Table 5 The kernel parameters and reliability index of the multilayer slope using different kernel functions

5 Conclusions

To increase the efficiency and accuracy of reliability analysis, the MKRVM and the AFOSM are combined to analyze the slope reliability in this paper. In this work, the multi-kernel function is introduced to establish the MKRVM, so the accurate calculation of the safety factor is further improved. In addition, the HS has the advantages of high precision and speed in the optimization of multi-kernel parameters. Furthermore, the partial derivative of the MKRVM was derived, so the AFOSM can be solved directly without the finite-difference method. Based on the above methods, the center point determined by MKRVM–AFOSM can be close to the limit state surface, meaning the calculation results of the slope reliability will be upgraded. Therefore, the MKRVM–AFOSM has the advantages of high precision, fast convergence speed and ease of use. A comparison of the results of two samples, for a single-layer slope and a multilayer slope, with the results of other methods shows that the calculation reliable and efficiency of the reliability index are clearly improved by utilizing the multi-kernel instead of a Gauss kernel.
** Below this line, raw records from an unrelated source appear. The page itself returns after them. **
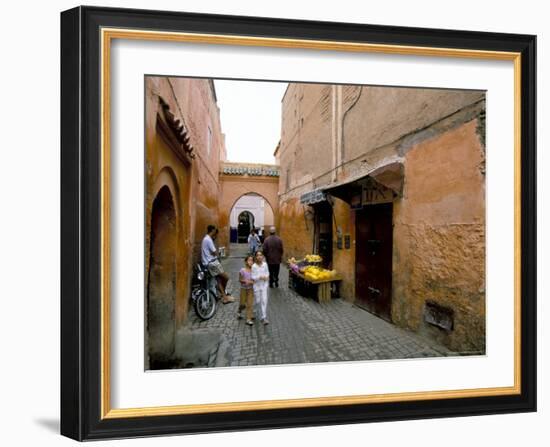 Souk, Marrakech (Marrakesh), Morocco, North Africa, Africa-Sergio Pitamitz-Framed Photographic Print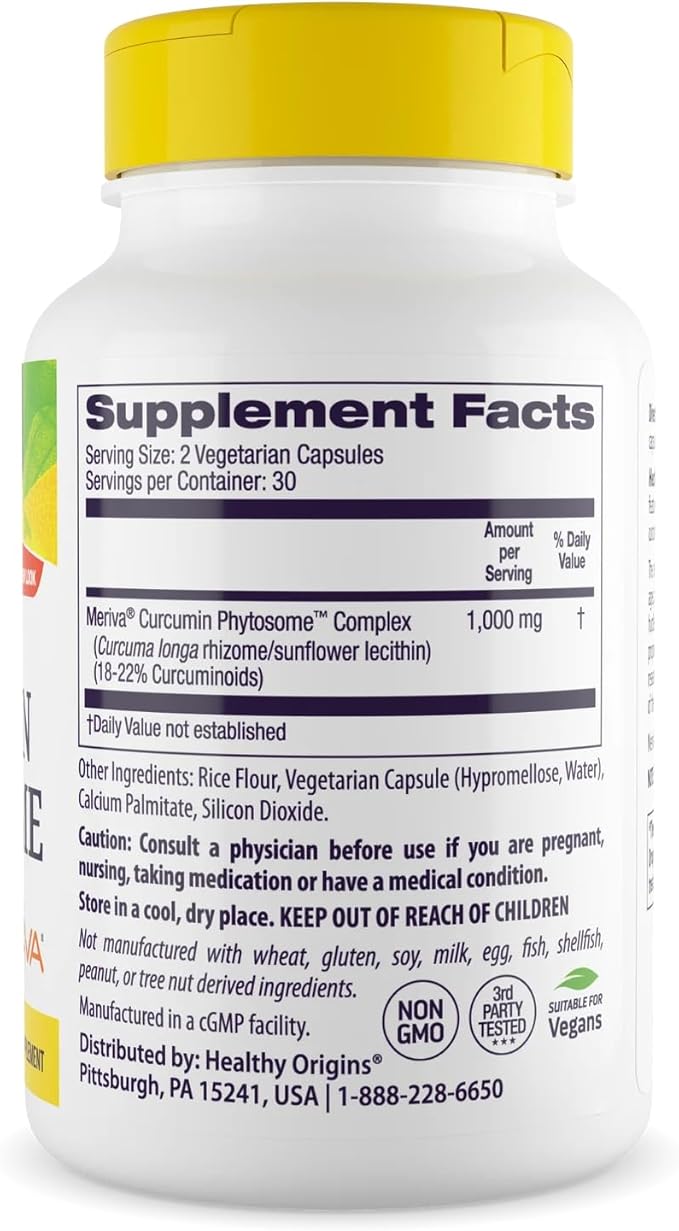 Healthy Origins Curcumin Phytosome (Featuring Meriva SF) 500 mg 60 Veggie Caps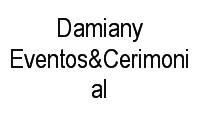 Logo Damiany Eventos&Cerimonial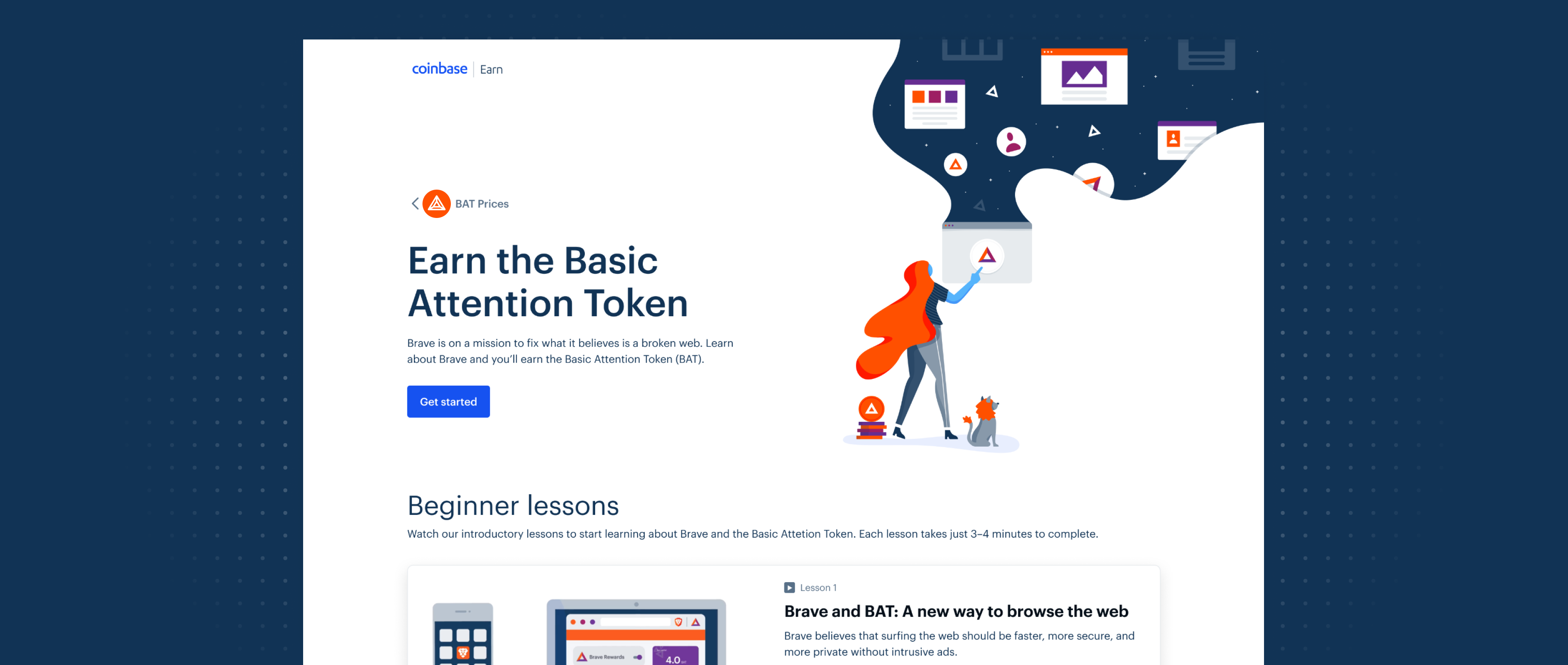 Earn Bat While Trying Out The Blockchai!   n Friendly Brave Browser -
Thus, slope reliability analysis with the MKRVM–AFOSM is feasible and efficient. Despite its advantages, the assumptions of distribution law and the correlation of different material parameters in this paper have gaps with actual soil, and further studies need to be carried out to focus assumptions in slope reliability analysis. In short, the findings of this study provide a combined method with machine learning to reliability analysis, which has good application prospects in slope and other practical engineering.